Alla fine degli anni Novanta Michael Glatze era uno dei maggiori attivisti gay degli Stati Uniti. Caporedattore di XY, una delle riviste omosessuali più importanti d’America, Glatze si prodigava nell’incontrare giovani confusi o impauriti dalla loro sessualità. Fidanzato felicemente, Glatze aveva sofferto molto per la prematura scomparsa dei genitori, la madre, fervente cristiana, di cancro. Il padre per una malformazione cardiaca congenita. La stessa di cui era convinto di soffrire lui stesso. Non era così, ma tale fu la gioia di non poter morire stecchito da un momento all’altro che lo prese per il volere di Dio. E per rendergli gloria decise di abbandonare la cattiva strada e perseguitare i sodomiti.
Un lungo preambolo necessario, perché la storia di Glatze è talmente assurda da sembrare scritta da un bravissimo sceneggiatore. Invece è tutta vera e la racconta un pupillo di Gus Van Sant, qui produttore, Justin Kelly. Biopic onesto ma raccontato con la giusta dose di ironia, I am Michael è una storia umana a suo modo tragica, la parabola di un uomo in cerca di se stesso e incapace di trovarsi realmente. Tratto dal romanzo dell’ex compagno, il film di Kelly riesce quasi sempre a mantenere una visione benevola di Glatze, nonostante l’avversione di quest’ultimo nei confronti di diversità e minoranze, tratteggiandone l’incongruenza come una profonda confusione esistenziale che ne fa una vittima delle sue azioni.

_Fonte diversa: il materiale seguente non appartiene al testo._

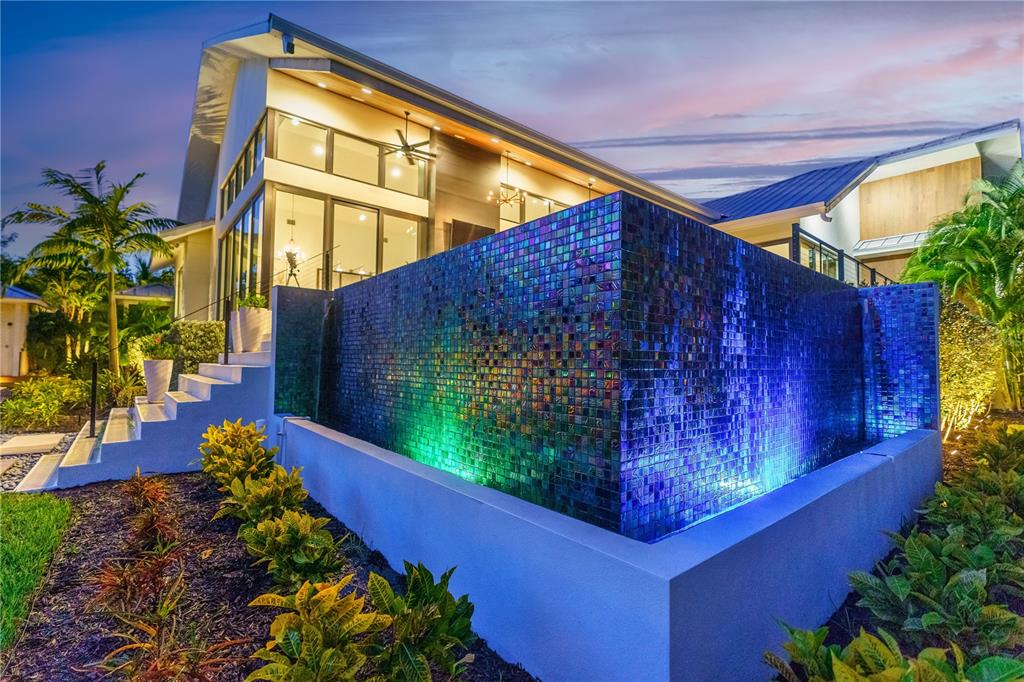 3940 Elysian Woods Lane, Sarasota, Florida is a mature landscaped estate is nestled on 1.47 acres and completely private in a small, gated community with only eight homes, was built with meticulous craftsmanship and bespoke finishes throughout.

Nei panni di Glatze troviamo un ottimo James Franco, sempre a suo agio nei ruoli borderline, e al suo fianco un altrettanto bravo Zachary Quinto, compagno abbandonato in nome di Dio. Kelly svolge il compito senza sbavature, dando soprattutto il giusto ritmo al film che scorre via piacevolmente lasciando un senso di profondo disagio. Perché che si chiami Dio o Allah, il problema è sempre chi pensa di parlare in sua vece.